Chris Davis is on the verge of making history, but it's the kind of which no baseball player would want a part. After an 0-for-4 outing at the plate yesterday the Orioles first baseman has now gone 44 straight at-bats without a hit, putting him within two fruitless at-bats of the MLB record.
That mark is held by former Dodgers infielder Eugenio Velez, who put together a stretch of 46 hitless at-bats between 2010 and the end of the 2011 season. That display of futility also marked the end of Velez's MLB career, but Baltimore may be more or less stuck with Davis, having signed him to a seven-year, US$161 million contract in 2016.

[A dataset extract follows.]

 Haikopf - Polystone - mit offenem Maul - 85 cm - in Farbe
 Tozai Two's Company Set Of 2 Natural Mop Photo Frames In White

He's getting paid US$23m (NZ$34m) this season and will get the same amount for the remaining three years on his deal.
At the time, Davis was coming off a four-year stretch in which he batted .256 and posted an .876 OPS while hitting 159 home runs, leading the league in long balls in 2013 and 2015. But his performance has cratered since then. Over 2017 and 2018, he batted .191 with a .635 OPS and 42 home runs, and had by far the worst WAR in Major League Baseball last season - negative-2.8 - among position players with at least 100 plate appearances.
Through eight games this season, Davis has 13 strikeouts and a .148 on-base percentage to go with those .000 batting and slugging percentages. He hasn't gotten a hit since managing a Sept. 14 double off James Shields of the White Sox.